タイでは度々,政情不安や経済クーデターが生ずると,国王がその権限によって事態を収拾している.筆者が記憶しているのでは,1991年に腐敗したチャチャイ政権に怒った軍部がクーデターを起こした時,プミポン国王が閣僚や軍首脳を呼んで説得,事態を収拾したものがある.これをTVで見た時,強権をもった軍首脳でさえ国王の前に跪き,教えを請う態度に内心,王様って「すごいんだな」と思った.
タイ国家が生まれたのは13世紀頃だと云われている.最初のスコータイ王朝(1238-1438)から現在のチャクリー(ラタナコーシン)王朝(1782-現在)までの約770年の歴史だ.また各王朝が滅亡を繰り返して歴史を創っているので,そこには当然,戦いの歴史もある.

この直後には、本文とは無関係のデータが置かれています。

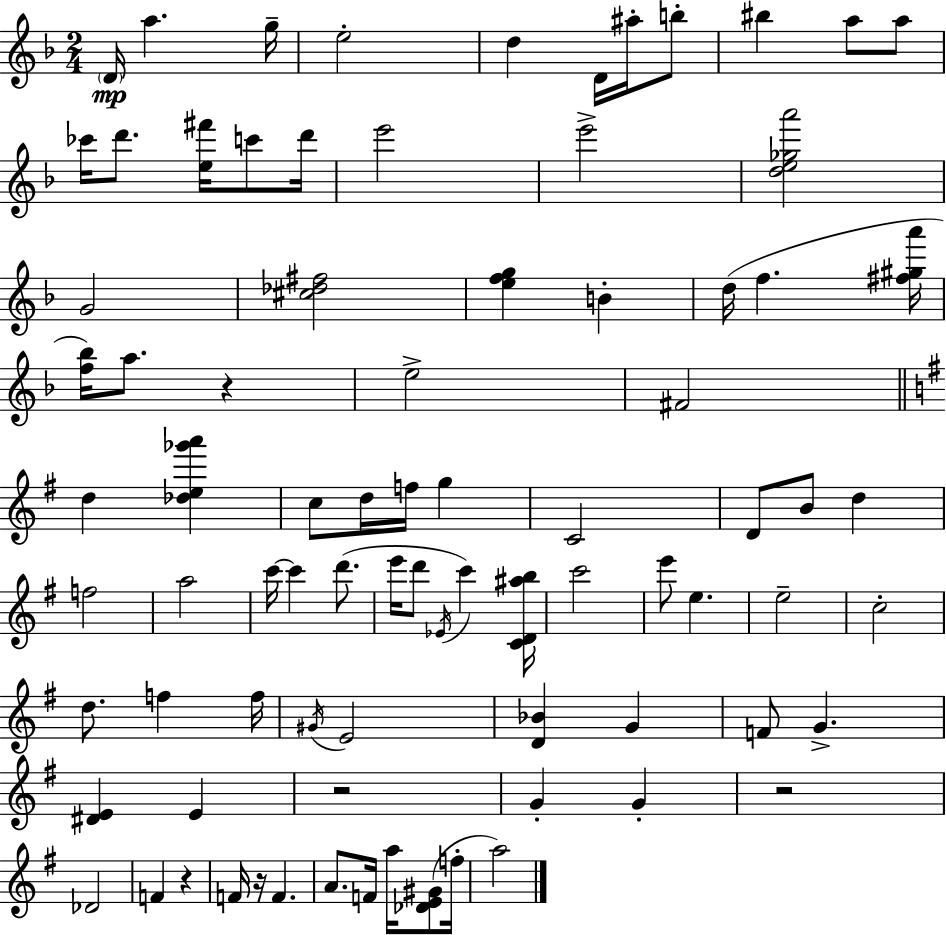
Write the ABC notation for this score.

X:1
T:Untitled
M:2/4
L:1/4
K:Dm
D/4 a g/4 e2 d D/4 ^a/4 b/2 ^b a/2 a/2 _c'/4 d'/2 [e^f']/4 c'/2 d'/4 e'2 e'2 [de_ga']2 G2 [^c_d^f]2 [efg] B d/4 f [^f^ga']/4 [f_b]/4 a/2 z e2 ^F2 d [_de_g'a'] c/2 d/4 f/4 g C2 D/2 B/2 d f2 a2 c'/4 c' d'/2 e'/4 d'/2 _E/4 c' [CD^ab]/4 c'2 e'/2 e e2 c2 d/2 f f/4 ^G/4 E2 [D_B] G F/2 G [^DE] E z2 G G z2 _D2 F z F/4 z/4 F A/2 F/4 a/4 [_DE^G]/2 f/4 a2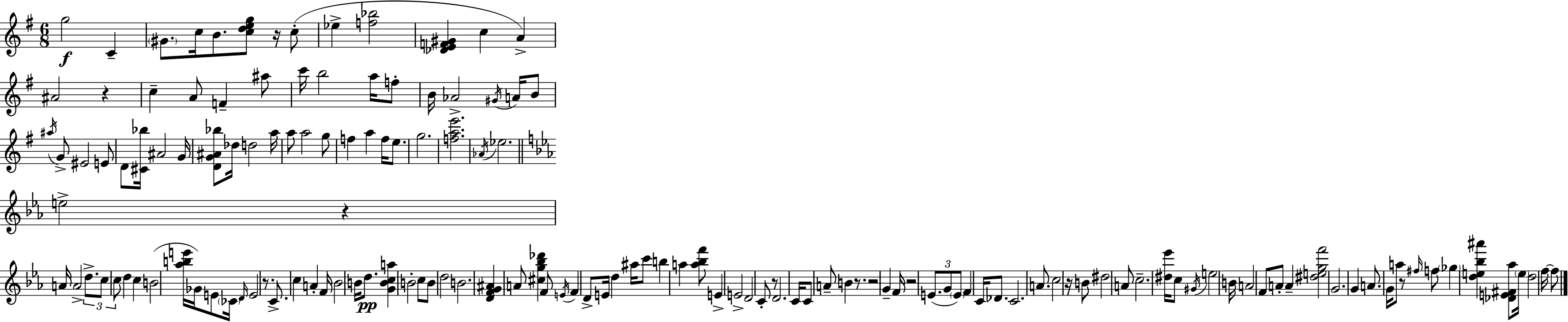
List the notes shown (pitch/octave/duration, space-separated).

G5/h C4/q G#4/e. C5/s B4/e. [C5,D5,E5,G5]/e R/s C5/e Eb5/q [F5,Bb5]/h [Db4,E4,F4,G#4]/q C5/q A4/q A#4/h R/q C5/q A4/e F4/q A#5/e C6/s B5/h A5/s F5/e B4/s Ab4/h G#4/s A4/s B4/e A#5/s G4/e EIS4/h E4/e D4/e [C#4,Bb5]/s A#4/h G4/s [D4,G4,A#4,Bb5]/e Db5/s D5/h A5/s A5/e A5/h G5/e F5/q A5/q F5/s E5/e. G5/h. [F5,A5,E6]/h. Ab4/s Eb5/h. E5/h R/q A4/s A4/h D5/e. C5/e C5/e D5/q C5/q B4/h [Ab5,B5,E6]/s Gb4/s E4/e CES4/s D4/s E4/h R/e. C4/e. C5/q A4/q F4/s Bb4/h B4/s D5/e. [G4,B4,C5,A5]/q B4/h C5/e B4/e D5/h B4/h. [D4,F4,G4,A#4]/q A4/e [C#5,G5,Bb5,Db6]/q F4/e E4/s F4/q D4/e E4/s D5/q A#5/s C6/e B5/q A5/q [A5,Bb5,F6]/e E4/q E4/h D4/h C4/e R/e D4/h. C4/s C4/e A4/e B4/q R/e. R/h G4/q F4/s R/h E4/e. G4/e E4/e F4/q C4/s Db4/e. C4/h. A4/e. C5/h R/s B4/e D#5/h A4/e C5/h. [D#5,Eb6]/s C5/e G#4/s E5/h B4/s A4/h F4/e A4/e A4/q [D#5,E5,G5,F6]/h G4/h. G4/q A4/e. G4/s A5/e R/e F#5/s F5/e Gb5/q [D5,E5,Bb5,A#6]/q [Db4,E4,F#4,Ab5]/e E5/s D5/h F5/s F5/e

タイは1932年のラーマ7世の頃に絶対君主制から立憲君主制に移行してるが,未だに国王の権限は相当に強いようだ(衆議院英国及びアジア各国憲法調査議員団報告書,p109参照).わが国の天皇との相違の中で,最も大きいものは国軍の統帥権だ.明治憲法下に天皇にあった軍の統帥権を戦後もタイ国王は維持している.これはタイが実質的に日本の占領下にあったことが連合国側に認められて,断罪を逃れたことに起因すると云われている(実質的には国内の反日勢力が自由タイ運動を行っており,それを連合国が評価した).一般的には大東亜戦争当時,アジアで独立国であったのは日本とタイだけであると云われているが,現在のイデオロギー的観点から観ると,評価が分かれるところではある.また王位(日本では皇位)に関して,1974年には憲法改正によって女子による王位継承が可能となっていることが,わが国との大きな違いとして挙げられる(上記報告書,同ページ).
タイはわが国と同様に立憲君主,議院内閣制を採用している国とはいえ,上記部分だけを観ても当たり前のことだが,相当に国柄が違う.よく女系容認論者が用いる論に,「海外では女子による継承が広く認められているのだから,日本だって・・」という狭隘な理屈がある.この論にはイギリスやオランダの例と共に必ずタイの王制についても言及される.しかしながら,上記を鑑みれば,相当に国柄の違うタイ王国を例に出したところで何ら説得力など無いことは明白である(他の国も同様).
何といっても,王制の歴史がわが国とは全く異なる.歴史の深さと統治機構である.わが国は正史に刻まれただけでも1400年以上,神話の世界を入れると2660年,しかも万世一系で脈々と受け継がれてきた,または受け継がれてきたとされる非常に深い歴史がある.そして万世一系に顕れているように,武力を盾としない”しろしめす”で表現される非常に優れた統治機構である(”しろしめす”については以前の拙エントリーを参照されたい).王朝の滅亡を繰り返したタイの統治機構はやはり”うしはく”に他ならないだろう.
これは決してタイを見下して言っているのではない,その国の成り立ちは無数の周辺条件によって決められるものだから,日本が地政学的にも民族的にも恵まれた立場であったことを否定するものではない.要するに,すべてユニークであると云っているに過ぎない.その極めて希なるユニークをどの様に生かすかが皇統問題の本質であり,それを崩してはならないというのが我々,男系存続派の切なる願いである.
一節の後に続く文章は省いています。